8月末に渡米して、気づけば4月の半ば。このチャンピオンシップで優勝することを目標にしてきたけど、実際に自分が公式戦を戦えたのは5試合。なんとも一瞬だった。

悔しい。

この想いが冷めてしまわぬうちに、書き留めておきたい。

シーズンを終えて、私は何に悔しさを感じているのか。

それは、「気づいているのに、行動しなかった自分」に対しての悔しさ。
私は、勝つために必要な、組織のまとまりが、このチームに欠けている事に気づいていながら、何も行動を起こさなかった。


一人一人に能力のポテンシャルがあっても、チームでその強みを活かし合わなければ、たとえ個人の能力は劣っていても、全員の想いが一つにまとまっていて勢いのあるチームには勝てない。私のチームがそうだった。

チャンピオンシップ(全国大会)につながるプレイオフトーナメントの準決勝で、それは証明された。

年代別の代表経験者や、国の強豪クラブ出身の選手が世界各国から集まる私のチーム。
一人一人の能力にはポテンシャルしか無い。身体能力、ゴールへの執着心、1vs1の球際の激しさなど、「あ、これは敵わないな」と思う長所を、それぞれが持っている。

対する相手チームは、全員がアメリカ人。要注意選手は1人だけで、過去の勝敗も、私のチームが常に勝っている。そして、試合中はベンチに座っている選手は一人もいなく、試合に出ている仲間を鼓舞する。声を枯らして指示するのは、コーチではなくサブのキーパー選手。

結果は、0-1で敗戦。
個々の能力では絶対に劣らない相手に対し、終始攻め続けるも、0-1で敗戦。
彼女たちはその勢いのまま、決勝であたった、今年度リーグ戦のチャンピオンにも勝利し、優勝した。

Team work makes dream works

という言葉があるが、その通りで、個人の力量があっても、組織として機能しなければ、チームワークのある組織には勝てない。
この敗戦から、「チームが一つにならないと、この先(全国大会)では、絶対に勝てないな」と思った。

そして、私の後悔は、ここからの自分に対してである。
チームに必要な、まとまりが欠けている事に気づいていながらも、何も行動しなかった。

英語がうまく話せないから
まだ会って2ヶ月しか経ってないから
チームメイトを信用できないから
この組織に思い入れがないから
自分が先導してチームを引っ張るなんて、キャラじゃないから

理由をあげるとしたら、こんな感じ。
恥ずかしいくらいに嫌な奴。チームに一番いてほしくない、プライド高いだけのやつ。
それが、自分自身だった。

本心を打ち消したくて、「チームのために努力する」「このチームはもっと良くなる」と、無理にでも思い込み、コーチやホストファミリーに伝えていた。そして実際には、自分が試合に出て活躍することしか考えていなかった。

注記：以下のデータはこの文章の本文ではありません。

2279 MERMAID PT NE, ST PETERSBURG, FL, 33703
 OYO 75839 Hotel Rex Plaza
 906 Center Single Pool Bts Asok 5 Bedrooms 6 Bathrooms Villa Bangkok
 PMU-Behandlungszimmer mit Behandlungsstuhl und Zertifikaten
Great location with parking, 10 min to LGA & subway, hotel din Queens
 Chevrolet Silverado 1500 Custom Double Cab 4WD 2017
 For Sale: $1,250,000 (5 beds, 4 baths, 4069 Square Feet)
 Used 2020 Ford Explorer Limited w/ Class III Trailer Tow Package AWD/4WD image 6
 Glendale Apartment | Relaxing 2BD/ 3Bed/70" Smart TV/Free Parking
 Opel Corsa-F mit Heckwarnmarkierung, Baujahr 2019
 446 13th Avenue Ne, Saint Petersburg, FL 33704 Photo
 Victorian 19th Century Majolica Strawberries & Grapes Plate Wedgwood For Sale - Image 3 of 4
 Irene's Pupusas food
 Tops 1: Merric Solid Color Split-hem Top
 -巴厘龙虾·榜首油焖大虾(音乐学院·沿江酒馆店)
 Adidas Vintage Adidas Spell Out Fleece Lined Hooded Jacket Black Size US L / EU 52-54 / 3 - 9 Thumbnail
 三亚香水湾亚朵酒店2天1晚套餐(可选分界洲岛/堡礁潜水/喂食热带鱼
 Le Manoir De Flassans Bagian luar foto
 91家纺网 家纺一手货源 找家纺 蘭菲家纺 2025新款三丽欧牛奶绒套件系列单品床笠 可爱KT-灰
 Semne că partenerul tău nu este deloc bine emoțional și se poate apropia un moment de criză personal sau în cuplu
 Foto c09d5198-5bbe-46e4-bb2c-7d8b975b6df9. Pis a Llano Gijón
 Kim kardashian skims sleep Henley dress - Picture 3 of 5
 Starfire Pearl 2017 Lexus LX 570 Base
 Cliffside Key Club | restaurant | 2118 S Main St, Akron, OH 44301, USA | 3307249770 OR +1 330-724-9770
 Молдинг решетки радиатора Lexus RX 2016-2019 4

そして、全国大会が始まり、1回戦にて、監督の考えた戦術通りに動くも、仲間の特徴や性格を理解できていなかったために、試合終了が近づきチームに焦りが見え始めたところで、仲間からどなられ、決定機を逃し、チームは負けた。

試合が終わって思ったことは、
「やっぱりそうだよな」
なんて悲しい終わり方なんだろう。試合が始まる前から、負けを覚悟していたみたいに、むしろ半分諦めていたかのような感想。

そして帰りのバスで、監督が私にかけた言葉は、

Good job, Yuna.

だった。
Thank youとだけ伝え、すぐに窓の外を見た。涙が出てきたからだ。
監督がこれまで、どれだけチームのために働きかけ、勝利を望んでいたか、わかっていたのに、それに答えたい自分もいたのに、何も行動を起こさなかった。この留学の機会をくれた監督に、感謝を示すためにも、チャンピオンに成ることを決意して来たのに、自分自身でそれを無駄にした。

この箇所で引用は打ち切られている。